● PROBLEM DESCRIPTION
An exact copy of every record is needed, with the pictures left out.

Content starts

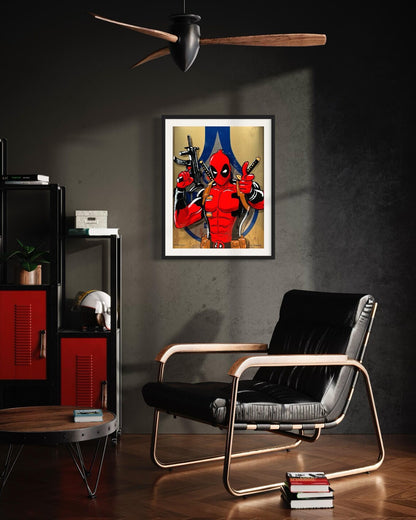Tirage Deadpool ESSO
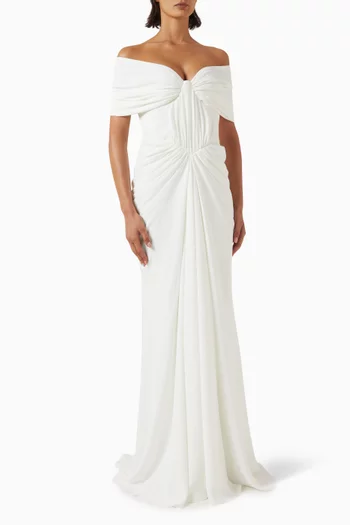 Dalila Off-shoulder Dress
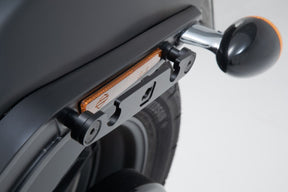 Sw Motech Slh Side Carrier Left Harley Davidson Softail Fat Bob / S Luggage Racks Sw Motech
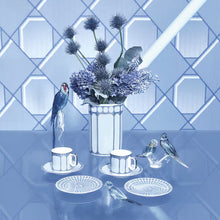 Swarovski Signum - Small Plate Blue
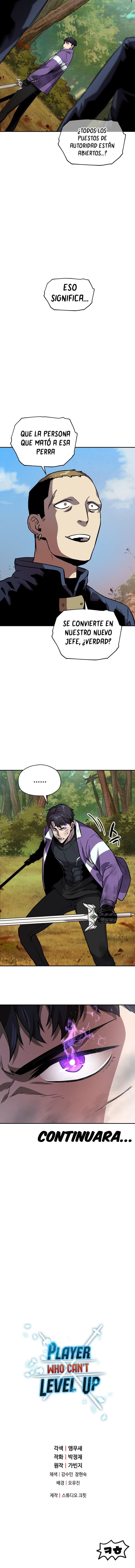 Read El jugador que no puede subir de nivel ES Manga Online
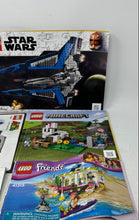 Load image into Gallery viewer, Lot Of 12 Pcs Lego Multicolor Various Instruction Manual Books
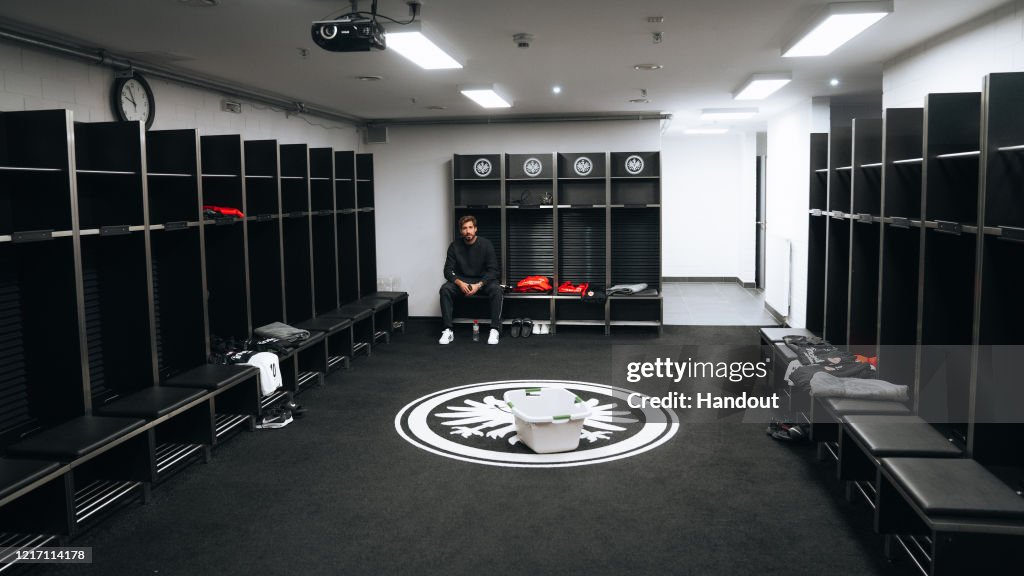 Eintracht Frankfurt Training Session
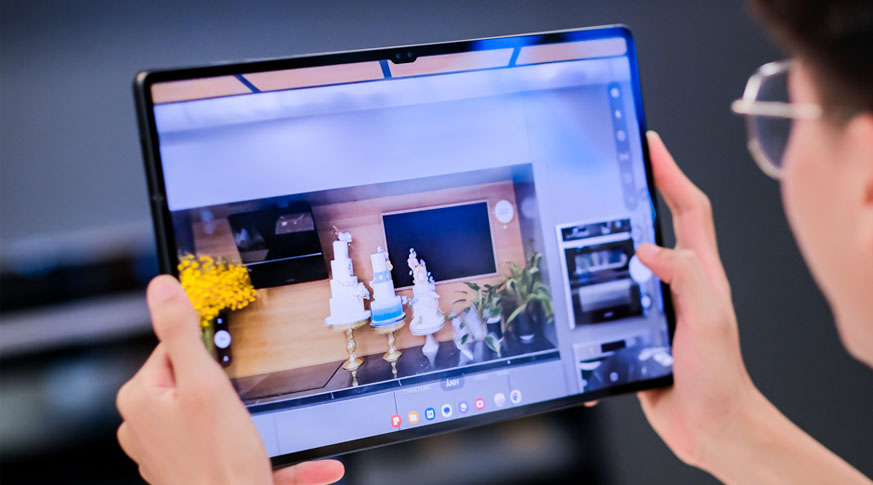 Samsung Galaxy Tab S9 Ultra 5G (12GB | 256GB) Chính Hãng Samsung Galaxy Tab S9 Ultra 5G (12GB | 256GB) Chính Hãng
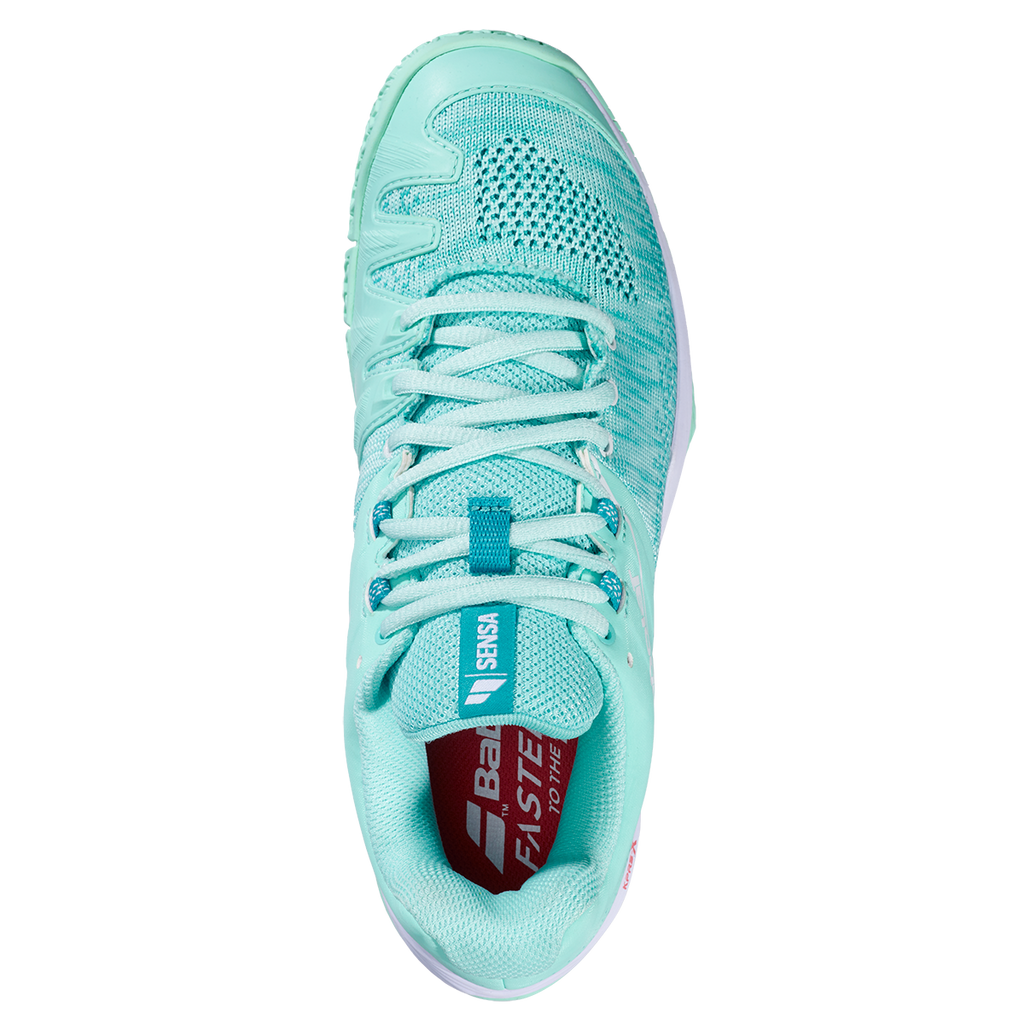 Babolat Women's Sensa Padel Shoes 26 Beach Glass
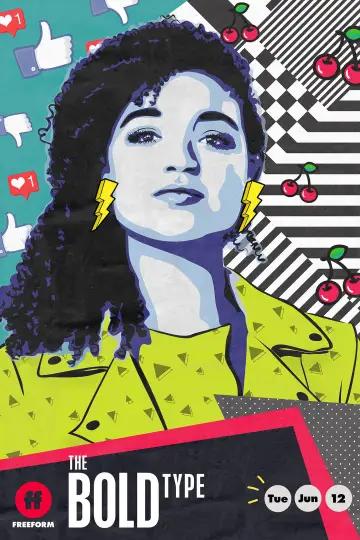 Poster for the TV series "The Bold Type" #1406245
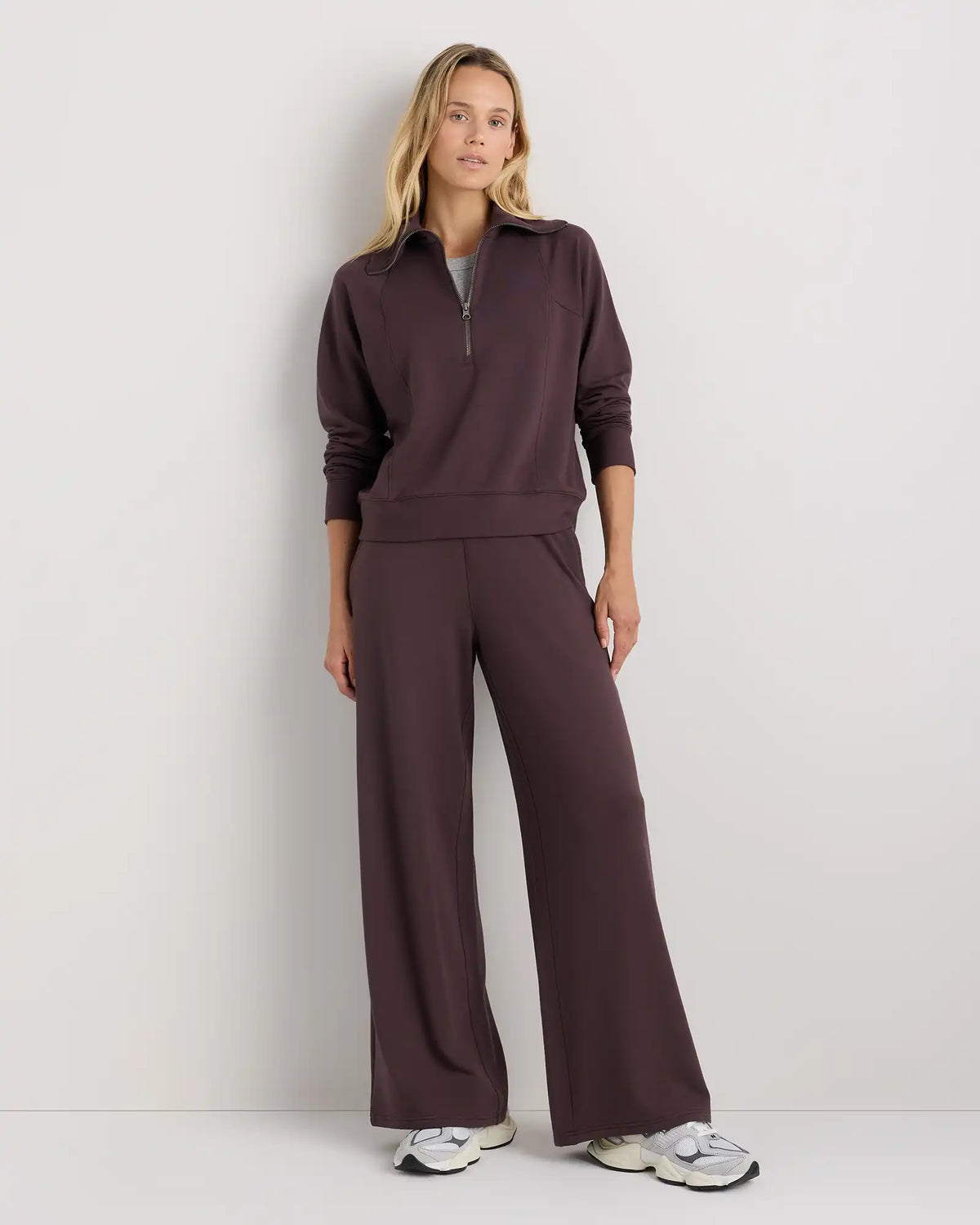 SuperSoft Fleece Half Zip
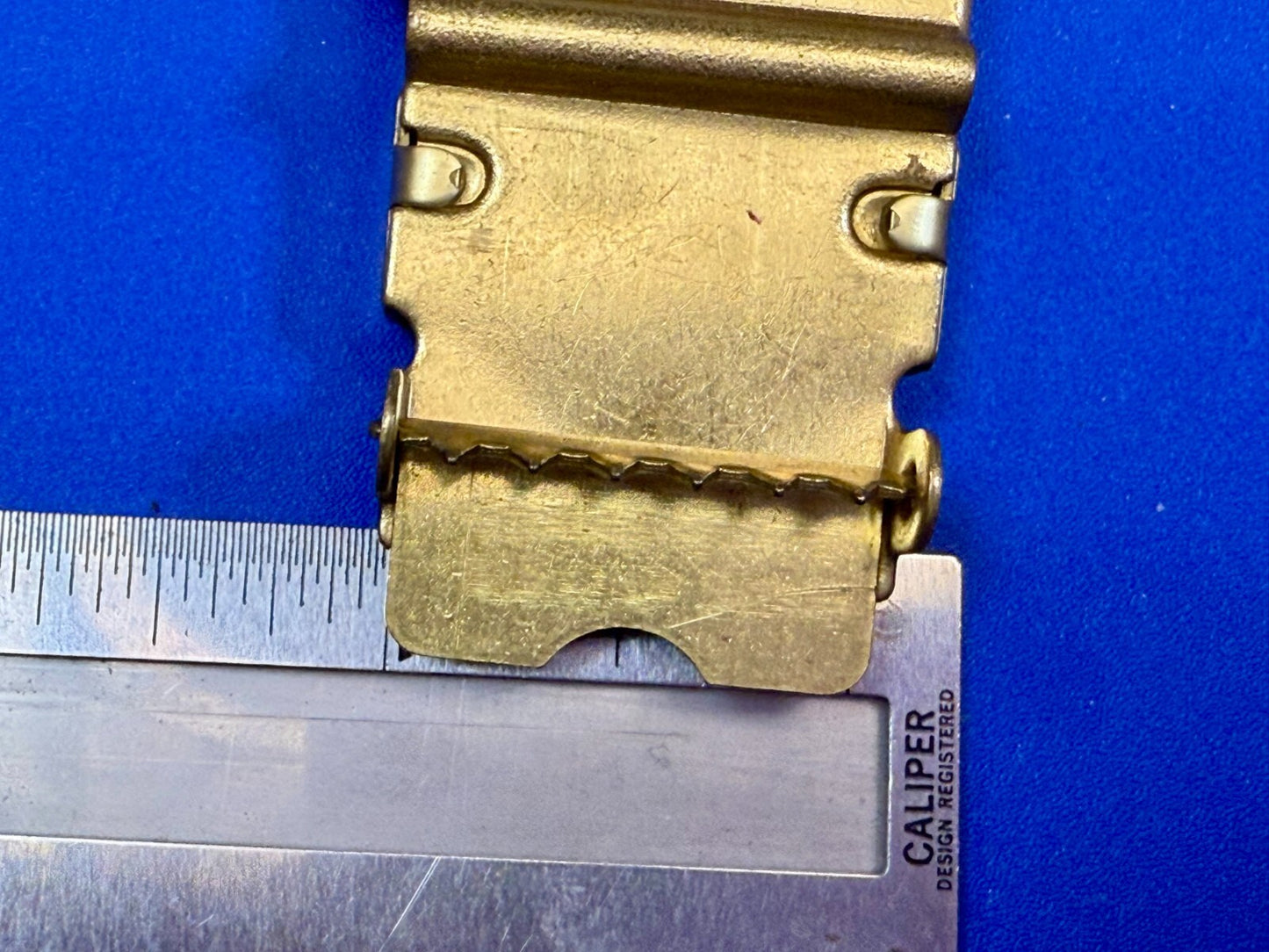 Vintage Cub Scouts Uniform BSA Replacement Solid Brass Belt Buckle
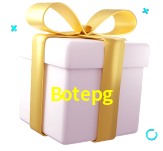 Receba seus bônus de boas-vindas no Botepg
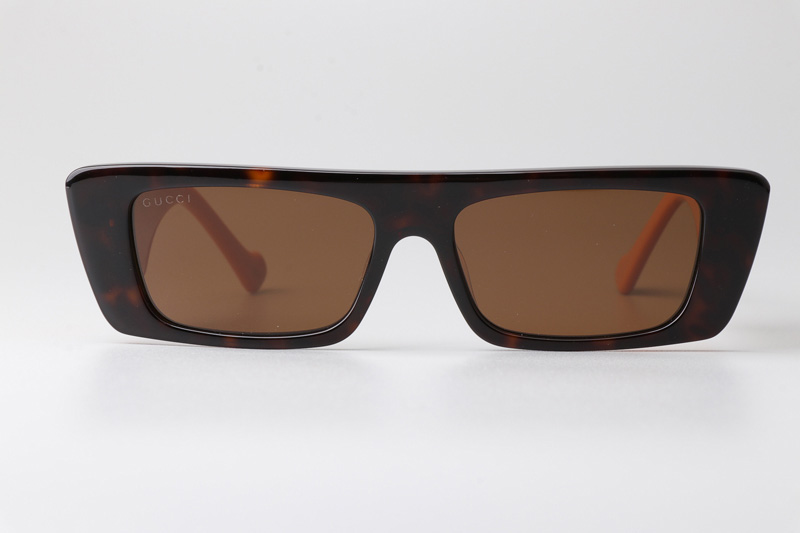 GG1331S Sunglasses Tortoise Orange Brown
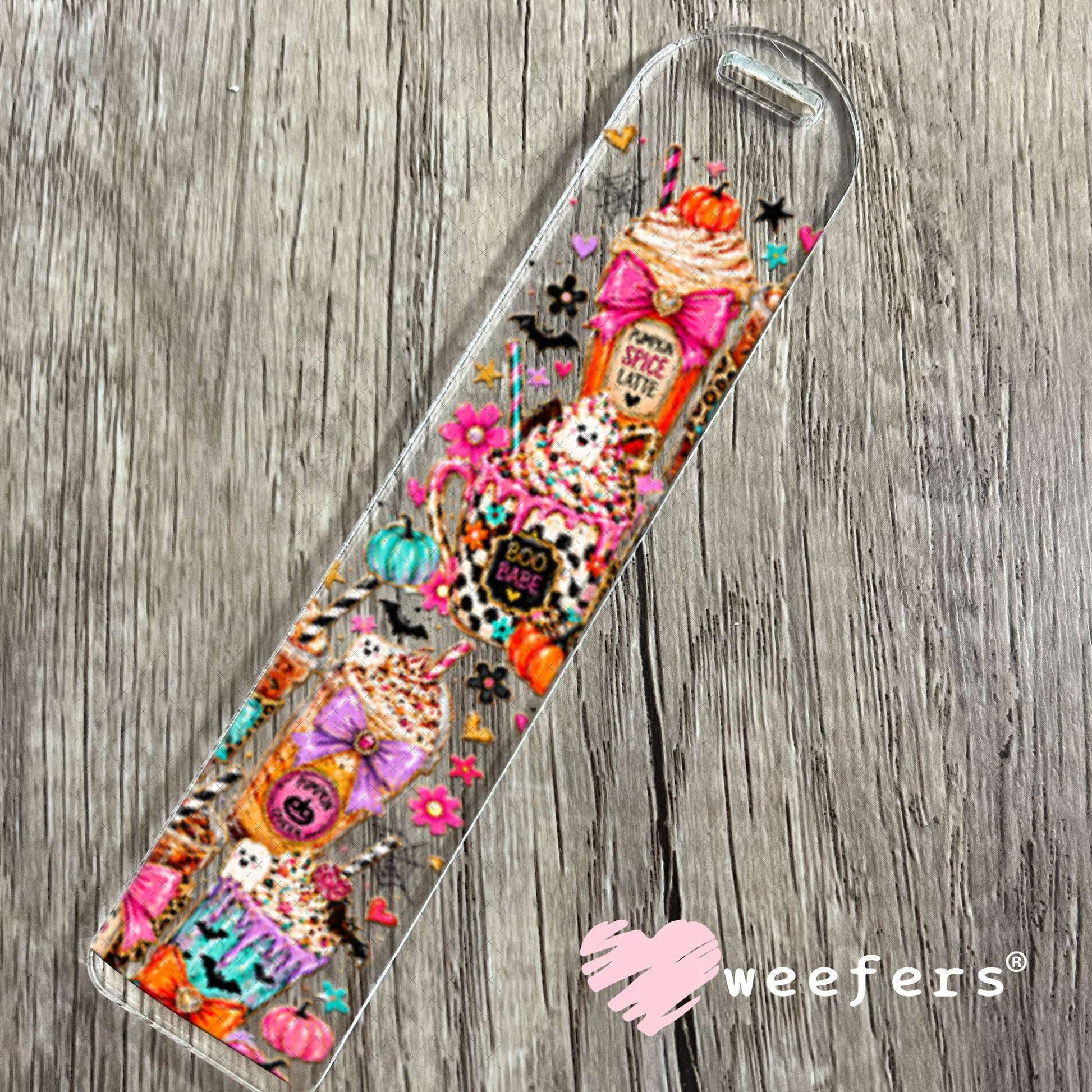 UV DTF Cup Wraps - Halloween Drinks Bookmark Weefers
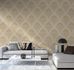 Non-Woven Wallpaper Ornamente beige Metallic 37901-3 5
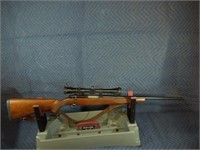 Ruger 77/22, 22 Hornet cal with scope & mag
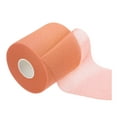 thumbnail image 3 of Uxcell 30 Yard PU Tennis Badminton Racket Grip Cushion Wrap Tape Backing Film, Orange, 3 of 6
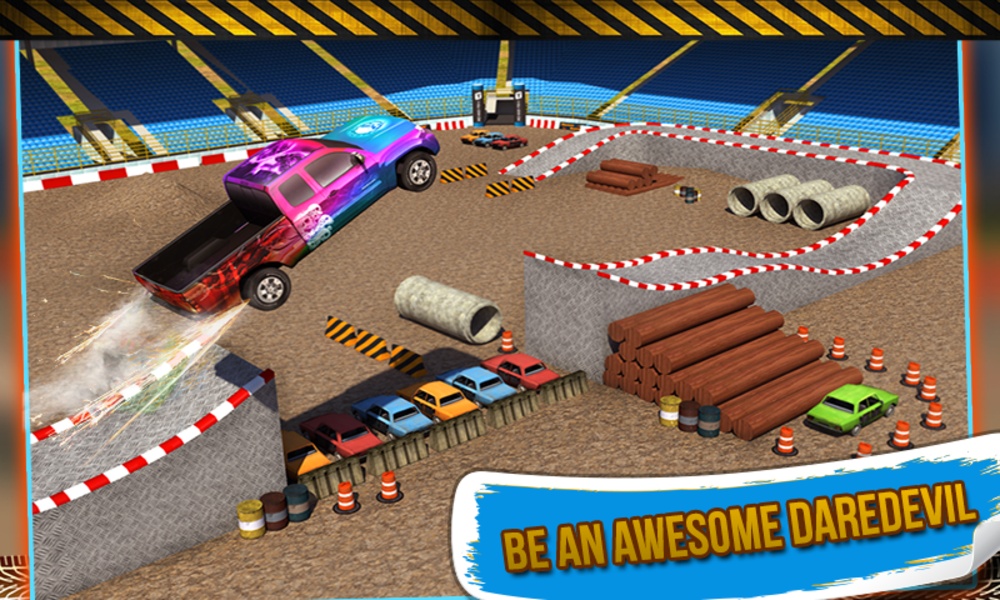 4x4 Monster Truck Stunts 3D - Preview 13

Content ends

● OUTPUT
Tirage Deadpool ESSO
 Dalila Off-shoulder Dress
 Sw Motech Slh Side Carrier Left Harley Davidson Softail Fat Bob / S Luggage Racks Sw Motech
 Swarovski Signum - Small Plate Blue
 Read El jugador que no puede subir de nivel ES Manga Online
 Load image into Gallery viewer, Lot Of 12 Pcs Lego Multicolor Various Instruction Manual Books
 Eintracht Frankfurt Training Session
 Samsung Galaxy Tab S9 Ultra 5G (12GB | 256GB) Chính Hãng Samsung Galaxy Tab S9 Ultra 5G (12GB | 256GB) Chính Hãng
 Babolat Women's Sensa Padel Shoes 26 Beach Glass
 Poster for the TV series "The Bold Type" #1406245
 SuperSoft Fleece Half Zip
 Vintage Cub Scouts Uniform BSA Replacement Solid Brass Belt Buckle
 Receba seus bônus de boas-vindas no Botepg
 GG1331S Sunglasses Tortoise Orange Brown
 UV DTF Cup Wraps - Halloween Drinks Bookmark Weefers
 Non-Woven Wallpaper Ornamente beige Metallic 37901-3 5
 Ruger 77/22, 22 Hornet cal with scope & mag
 thumbnail image 3 of Uxcell 30 Yard PU Tennis Badminton Racket Grip Cushion Wrap Tape Backing Film, Orange, 3 of 6
 4x4 Monster Truck Stunts 3D - Preview 13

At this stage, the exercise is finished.